== What to do ==
Could you output, exactly and with nothing else, every line from the one that contains "a Self Serviced" through the last line of the listing below?

━━━━━ Exercise data ━━━━━

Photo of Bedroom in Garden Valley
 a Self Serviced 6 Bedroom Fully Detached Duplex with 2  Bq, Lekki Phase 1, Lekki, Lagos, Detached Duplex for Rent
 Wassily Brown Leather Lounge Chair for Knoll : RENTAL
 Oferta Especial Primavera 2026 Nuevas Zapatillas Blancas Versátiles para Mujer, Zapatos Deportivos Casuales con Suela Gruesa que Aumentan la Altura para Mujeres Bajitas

━━━━━

== The answer ==
 a Self Serviced 6 Bedroom Fully Detached Duplex with 2  Bq, Lekki Phase 1, Lekki, Lagos, Detached Duplex for Rent
 Wassily Brown Leather Lounge Chair for Knoll : RENTAL
 Oferta Especial Primavera 2026 Nuevas Zapatillas Blancas Versátiles para Mujer, Zapatos Deportivos Casuales con Suela Gruesa que Aumentan la Altura para Mujeres Bajitas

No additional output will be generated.